The shift mechanism of the 2-shaft box itself has a lever, which is connected by cables to the selector lever and the gear shift lever. These levers are connected to the central shift rod, which also has forks.

• If we talk about the principle of operation of a two-shaft manual gearbox, it is similar to the principle of a three-shaft gearbox. The differences are in how the gearshift mechanism works. In a nutshell, the lever can carry out both longitudinal and transverse movements relative to the axis of the car. During transverse movement gear selection occurs, as the force is applied to the gear selector cable, which acts on the gear selector lever.

Further, the lever moves longitudinally, and the force goes to the gearshift cable.
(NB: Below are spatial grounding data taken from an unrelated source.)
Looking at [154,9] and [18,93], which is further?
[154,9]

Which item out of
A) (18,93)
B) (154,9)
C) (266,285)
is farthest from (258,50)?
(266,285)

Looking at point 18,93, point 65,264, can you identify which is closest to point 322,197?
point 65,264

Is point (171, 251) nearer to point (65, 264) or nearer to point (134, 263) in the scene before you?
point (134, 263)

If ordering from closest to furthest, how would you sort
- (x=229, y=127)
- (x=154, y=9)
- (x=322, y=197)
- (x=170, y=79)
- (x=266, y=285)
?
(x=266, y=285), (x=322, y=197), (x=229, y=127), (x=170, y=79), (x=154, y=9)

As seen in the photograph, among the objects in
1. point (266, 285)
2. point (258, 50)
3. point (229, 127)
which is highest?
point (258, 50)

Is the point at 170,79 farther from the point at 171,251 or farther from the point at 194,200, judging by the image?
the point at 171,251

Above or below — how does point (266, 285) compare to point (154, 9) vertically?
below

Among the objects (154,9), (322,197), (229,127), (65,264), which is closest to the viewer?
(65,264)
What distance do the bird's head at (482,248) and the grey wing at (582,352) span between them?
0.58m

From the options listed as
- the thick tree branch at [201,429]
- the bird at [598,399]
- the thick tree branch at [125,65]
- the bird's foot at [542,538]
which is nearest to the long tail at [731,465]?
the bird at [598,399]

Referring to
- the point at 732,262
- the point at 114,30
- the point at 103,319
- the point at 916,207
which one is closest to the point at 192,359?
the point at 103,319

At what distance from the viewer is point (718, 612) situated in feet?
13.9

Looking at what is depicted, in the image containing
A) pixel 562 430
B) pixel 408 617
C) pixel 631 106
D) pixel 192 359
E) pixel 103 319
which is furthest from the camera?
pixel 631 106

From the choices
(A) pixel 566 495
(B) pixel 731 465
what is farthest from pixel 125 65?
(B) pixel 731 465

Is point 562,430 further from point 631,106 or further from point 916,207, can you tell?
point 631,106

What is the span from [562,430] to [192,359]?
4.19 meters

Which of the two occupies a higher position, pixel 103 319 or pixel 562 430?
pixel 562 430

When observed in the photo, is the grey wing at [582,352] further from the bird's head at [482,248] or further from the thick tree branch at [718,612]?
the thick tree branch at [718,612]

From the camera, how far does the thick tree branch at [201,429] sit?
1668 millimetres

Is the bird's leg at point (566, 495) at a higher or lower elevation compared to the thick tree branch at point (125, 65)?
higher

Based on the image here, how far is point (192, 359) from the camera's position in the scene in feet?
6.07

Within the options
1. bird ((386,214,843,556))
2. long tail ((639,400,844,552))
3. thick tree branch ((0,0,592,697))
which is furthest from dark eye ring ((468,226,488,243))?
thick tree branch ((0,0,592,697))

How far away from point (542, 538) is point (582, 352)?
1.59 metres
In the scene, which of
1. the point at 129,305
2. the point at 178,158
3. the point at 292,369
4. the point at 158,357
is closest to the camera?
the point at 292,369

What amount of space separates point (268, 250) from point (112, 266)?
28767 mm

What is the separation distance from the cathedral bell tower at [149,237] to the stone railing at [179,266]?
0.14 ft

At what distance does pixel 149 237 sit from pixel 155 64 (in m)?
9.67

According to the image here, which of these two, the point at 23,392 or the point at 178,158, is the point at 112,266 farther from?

The corresponding lever horizontally moves the stem with the forks, the fork on the stem displaces the synchronizer, which leads to blocking of the driven shaft gear.

Finally, we note that also mechanical boxes different types have additional blocking devices that prevent the inclusion of two gears at the same time or an unexpected disengagement of the gear.

Read also

Depressing the clutch before starting the engine: when to depress the clutch and in what cases it is not recommended to do so. Helpful Hints and recommendations.

Causes of difficult gear shifting on a running engine. Transmission oil and level in the gearbox, wear of synchronizers and gears of the box, clutch.